Hi all. A friend of mine wants to share some files with me. As alliance provides static ip and both of us use alliance for internet, I was wondering if it would be possible to search for his computer over the network and get the files over it. Any help / suggestion in this regard would be appreciated.


----------



## rj27 (Jul 29, 2014)

Try by enabling the sharing option from the Windows only for the folders your friend wants to share. Then ask for his static ip and on your pc go to run and type  \xxx.xxx.xxx.xxx the ip address of your friend. Should work fine and you will be able to see the shared folders in Windows Explorer. You might be asked for password in case of password protected sharing by your friend which is the ideal option.


----------



## kARTechnology (Jul 29, 2014)

sam1 said:


> Hi all. A friend of mine wants to share some files with me. As alliance provides static ip and both of us use alliance for internet, I was wondering if it would be possible to search for his computer over the network and get the files over it. Any help / suggestion in this regard would be appreciated.


very simple! and secure
download team viewer and put his ip and password in the box and select file sharing...that's it...it works with my local broadband and you can do screen sharing too


----------



## sam1 (Jul 29, 2014)

thanks for all your suggestions.  [MENTION=138043]kARTechnology[/MENTION] - the team viewer idea did cross my mind, but wouldn't the transfer speed thru TV be limited by the internet connection, as opposed to the direct sharing option? although I agree it will be more secure/safe than the other option.


----------



## rj27 (Jul 29, 2014)

In that case check out the bittorrent sync client for windows.
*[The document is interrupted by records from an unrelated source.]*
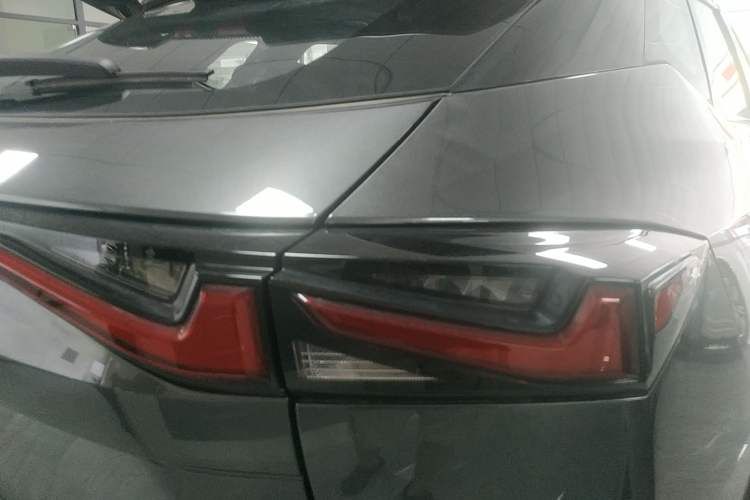 Used CHANGAN OSHAN Z6 New Energy 2023 ZhiDian iDD 150KM Flagship PLUS Smart Parking Edition Right Rear Taillight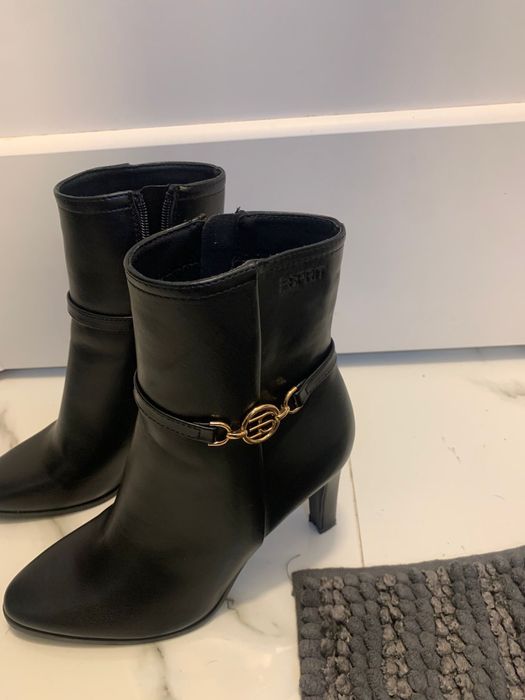 Pantofi cu toc vand urgent!!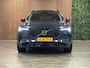 Volvo XC90 T8 AWD Recharge Ultra Dark | Luchtvering | Trekhaak | 360 Camera | Head-Up Display | Harman Kardon | 455pk | Adaptieve Cruise Control | Stoelverwarming voor+achter | Stuurwielverwarming | Schuifdak | Full LED Matrix Meesturende koplampen | Pilot Assist | BLIS Dode Hoek Detectie | Alcantara hemelbekleding | Lederen zonnekleppen en handgrepen | Elektrische voorstoelen geheugen | Nordico Quilted bekleding | Zitting verlenging voorstoelen | Lederen dashboard | 21 Inch | Google Infotainment | Keyless Drive | Privacy Glass | Elektrisch bedienbare achterklep | Geïntegreerd kinderzitje achterin | Geïntegreerde zongordijnen achterportieren | Verlichte instaplijsten | 7-Persoons | 4-Zone Climate Control | DAB Radio | Apple Carplay/Android Auto | Alarm Klasse III | Draadloos telefoon opladen | Volvo On Call met mobiele App functie | Denim Blue Metallic |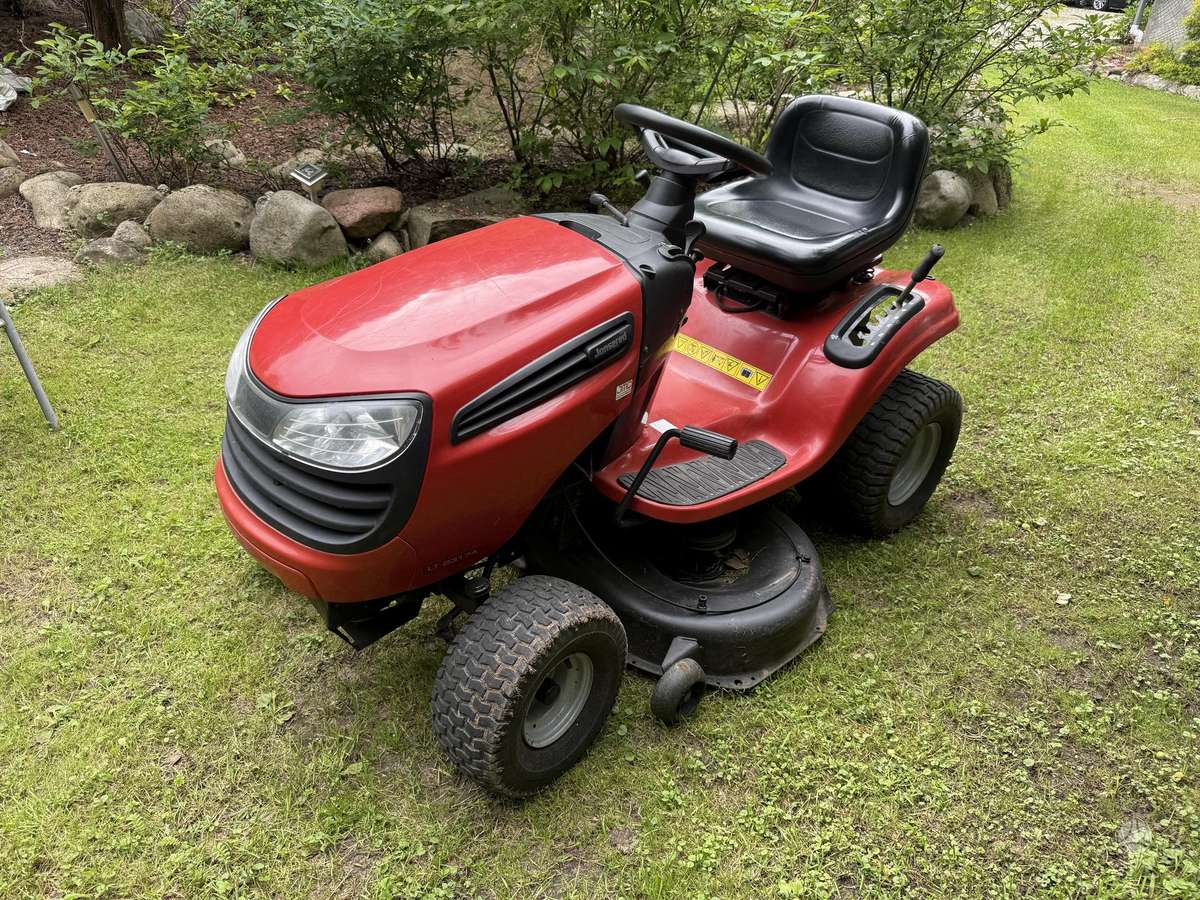 Jonsered LT 2317 A, садовые тракторы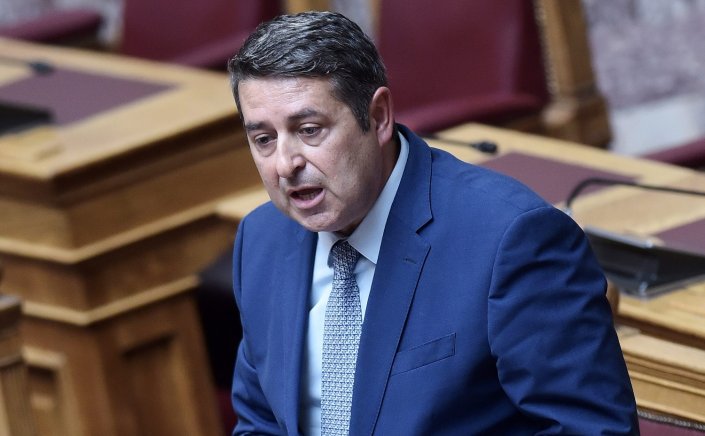 G. Mylonakis Brain Aneurysm: Στη ΜΕΘ του «Ευαγγελισμού» ο Γιώργος Μυλωνάκης με Ανεύρυσμα Εγκεφάλου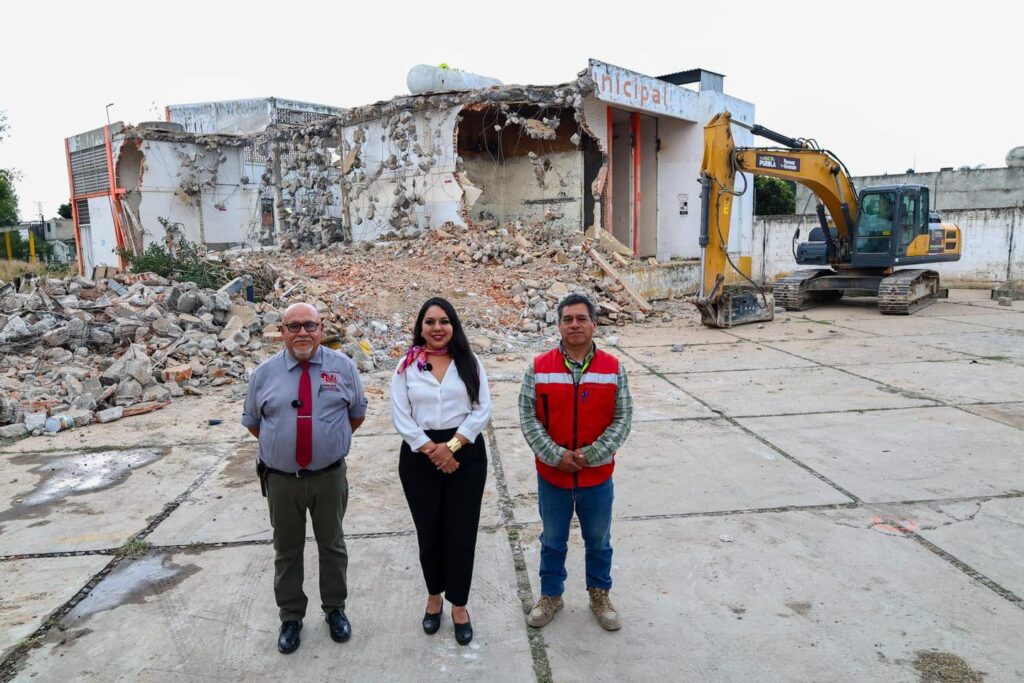 Avanza proyecto de nuevo bachillerato en San Pedro Cholula; continúan trabajos de demolición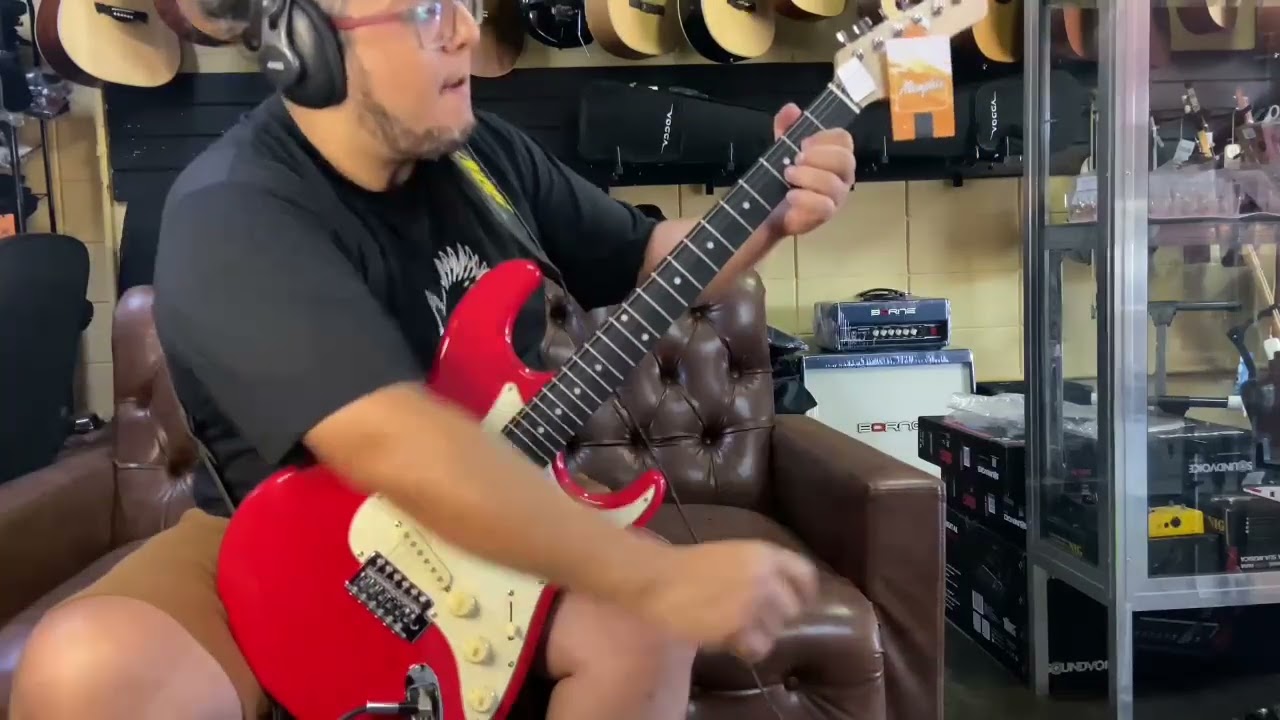 TIMBRE PODEROSO E SURPREENDENTE - ESSA GUITARRA N&Atilde;O &Eacute; S&Oacute; PARA INICIANTES !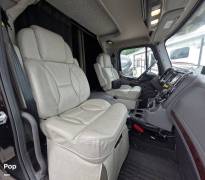 2022 Jayco Seneca 37K, $ 250,000
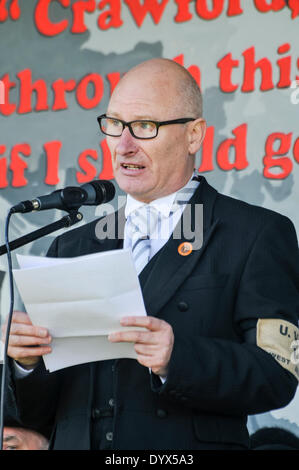 Larne, Irlanda del Nord. 26 apr 2014 - Billy Hutchinson, leader del PUP, offre il discorso tenuto da Lord Edward Carson 100 anni fa. Credito: Stephen Barnes/Alamy Live News Foto Stock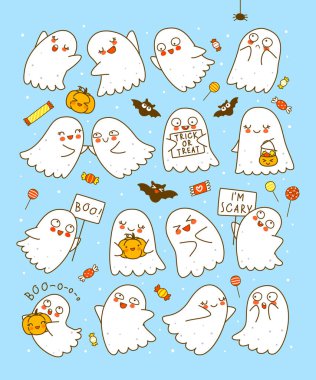 Mavi arka planda balkabakları, yarasaları ve tatlıları olan küçük şirin hayaletler seti. Komik Cadılar Bayramı tasarımı için çizgi film karakterleri.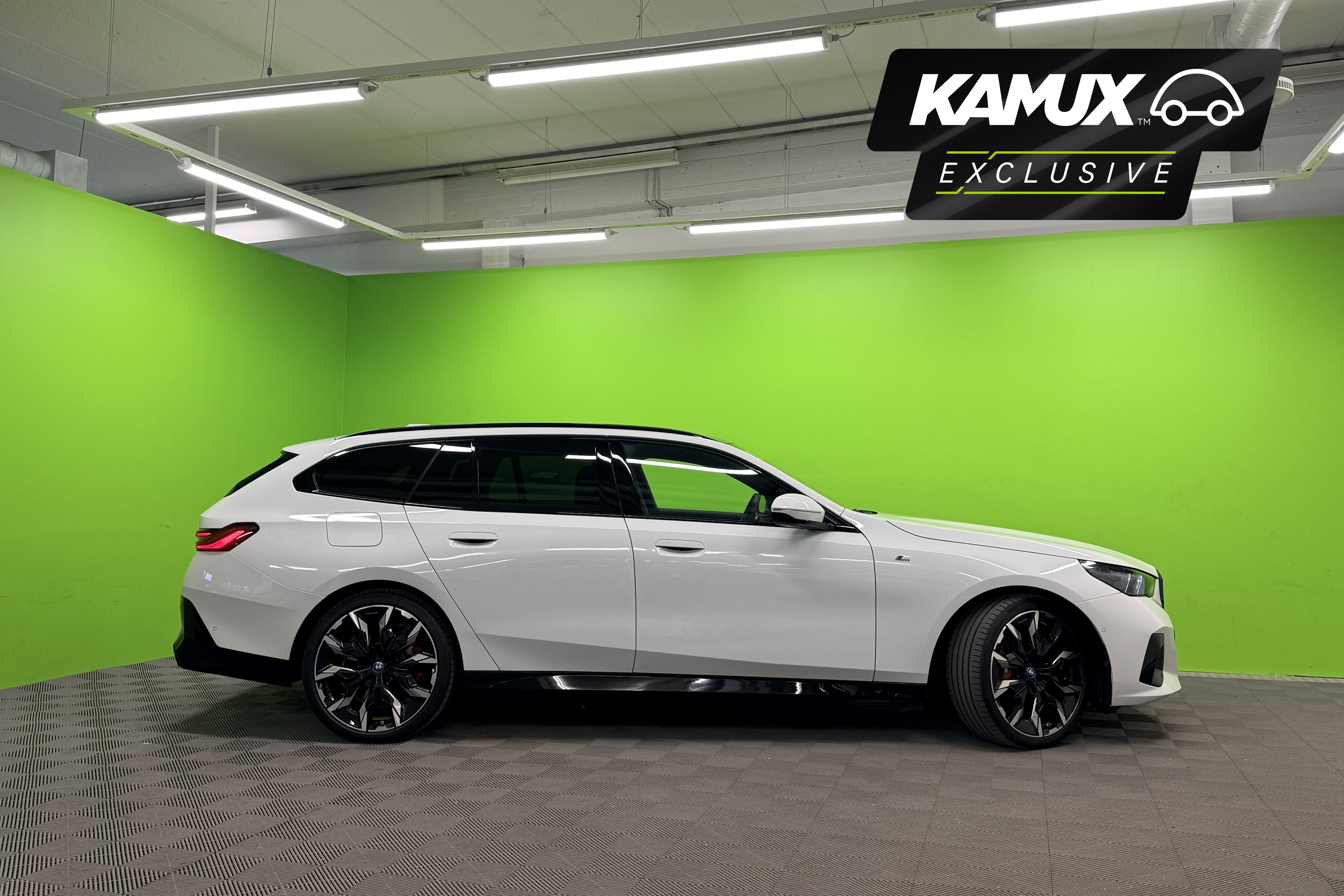 BMW 550 2025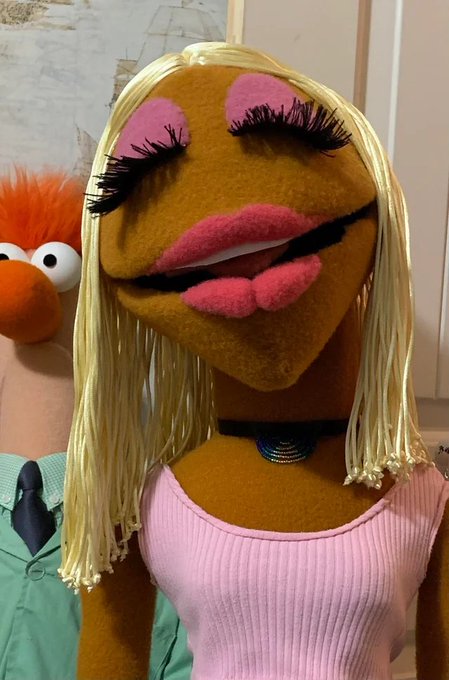 En 1975, le Muppet Show a prédit à quoi ressembleraient la plupart des femmes en 2023.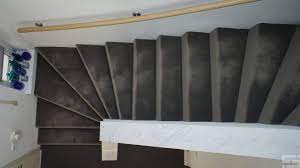 Teppich auf treppe verlegen teppich auf treppe verlegen ca.15 tritte in 8867 niederurnen (glarus). Teppichboden Auf Treppe Verlegt Fussboden Siegmund Aus Bergrheinfeld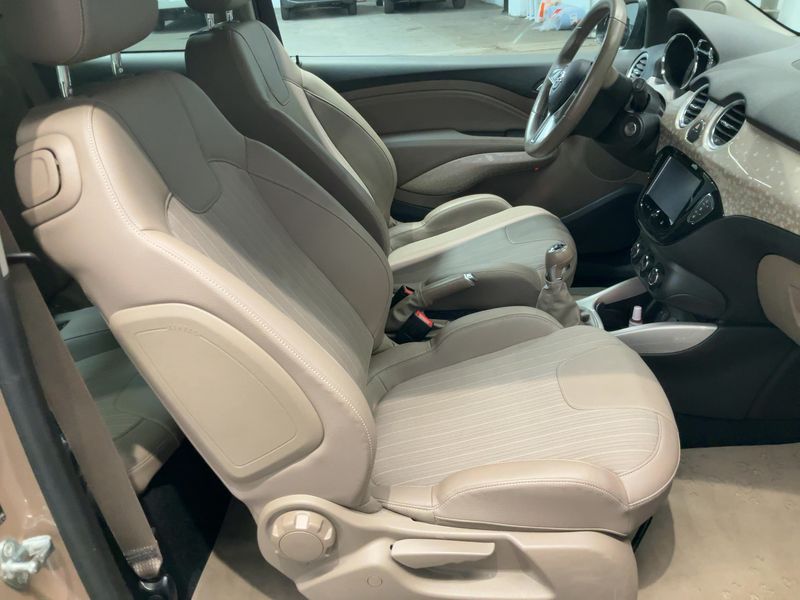 Opel Adam 1.4 Glam — zdjęcie 11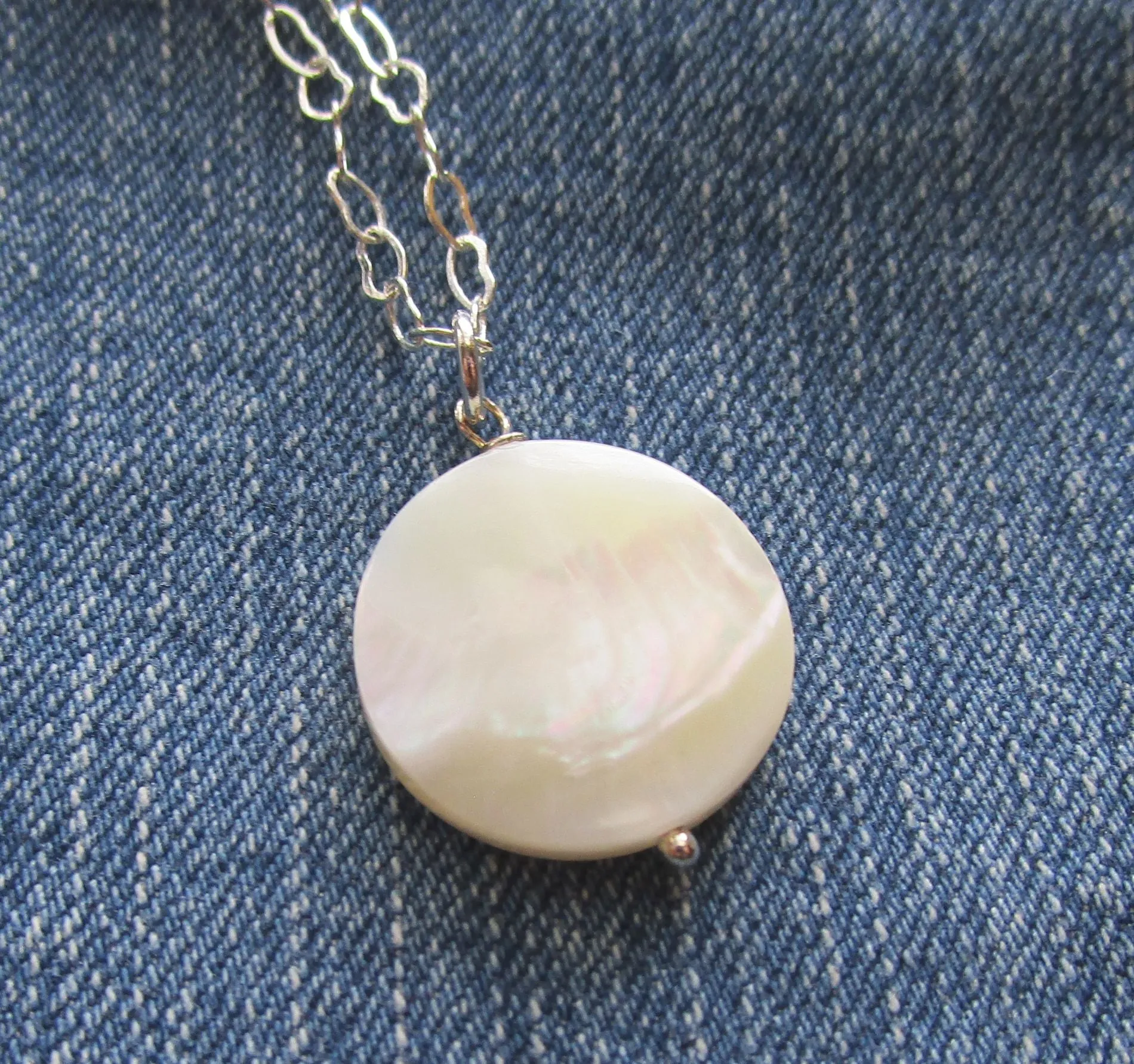 Mother of Pearl Natural Iridescent Shell Pendant Necklace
It works great in terms of sharing files with friends and you also get the benefit of local network speeds, in case of lan devices as well as being on a same ISP without being depending on Internet speeds. 

Pretty easy to use should check out if it works for you.


----------



## kARTechnology (Jul 30, 2014)

sam1 said:


> thanks for all your suggestions.  [MENTION=138043]kARTechnology[/MENTION] - the team viewer idea did cross my mind, but wouldn't the transfer speed thru TV be limited by the internet connection, as opposed to the direct sharing option? although I agree it will be more secure/safe than the other option.



 allow LAN access
Extras > Options > general > network settings > incoming lan connections{select as "accept"}

then type in ip ...no internet required...logout from internet and try


----------